Task statement: Your task is to return the listing below word for word, without any of its images.
== Segment start ==
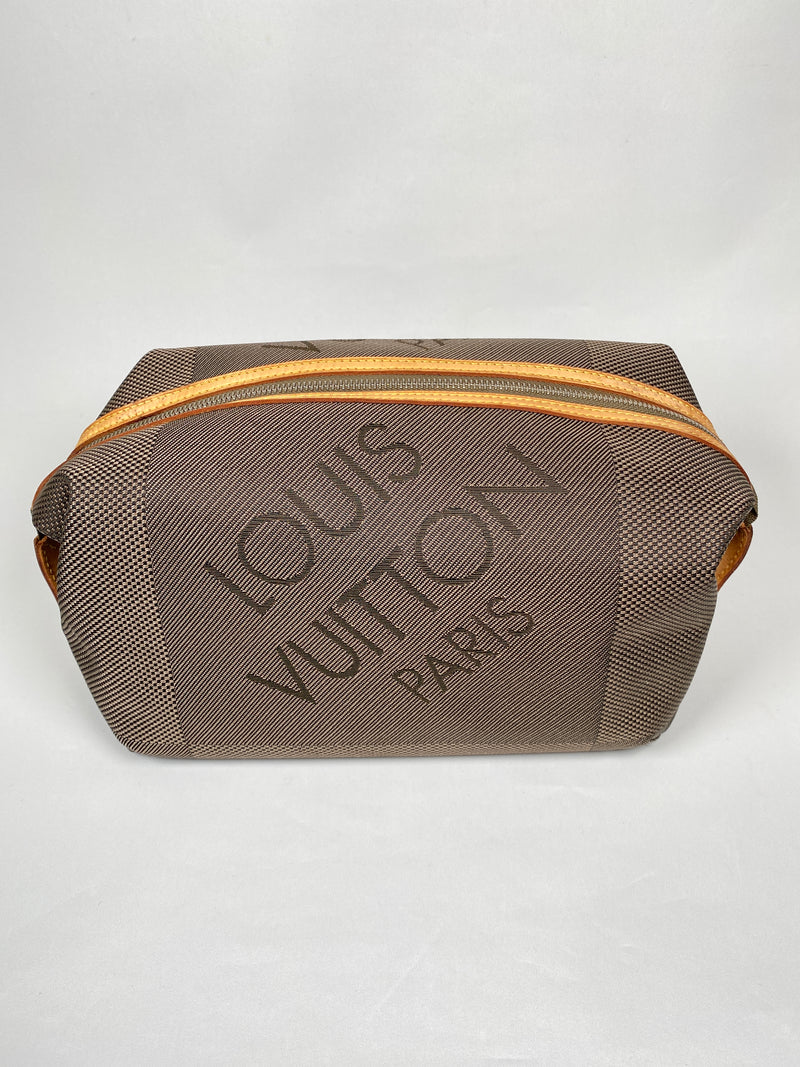 LOUIS VUITTON - DAMIER GEANT ALBATROS TOILETRY BAG
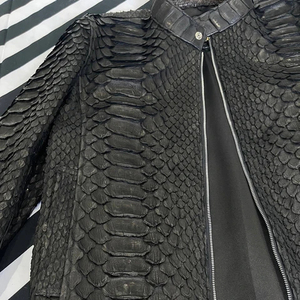 Chaqueta de piel de cocodrilo unisex al por mayor nueva piel de vaca auténtica hecha a medida con piel en relieve diseño largo y fino - Product Image 2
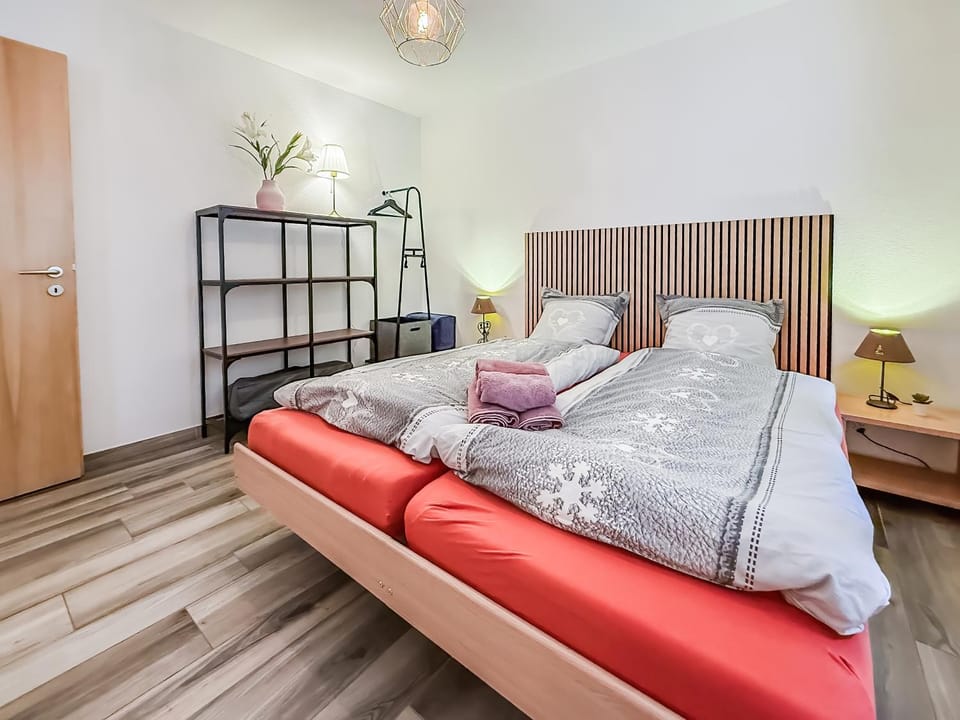 Bed, Photo of the whole room, wardrobe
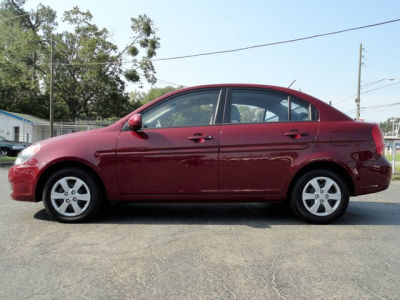 2010 Hyundai Accent  GLS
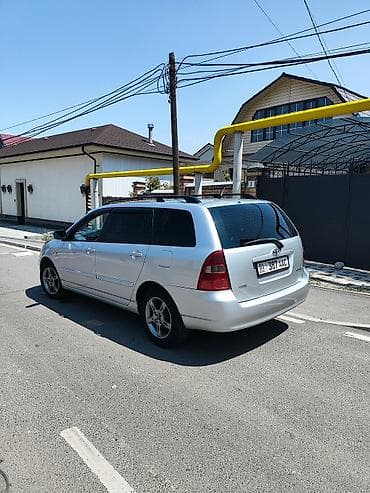 Унаа сатуу: Toyota Corolla: 2002 г., 1.6 л, Кол менен иштөөчү, Бензин, Универсал — 2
== Segment end ==
Output for this exercise:
 LOUIS VUITTON - DAMIER GEANT ALBATROS TOILETRY BAG
 Chaqueta de piel de cocodrilo unisex al por mayor nueva piel de vaca auténtica hecha a medida con piel en relieve diseño largo y fino - Product Image 2
 Bed, Photo of the whole room, wardrobe
 2010 Hyundai Accent  GLS
 Унаа сатуу: Toyota Corolla: 2002 г., 1.6 л, Кол менен иштөөчү, Бензин, Универсал — 2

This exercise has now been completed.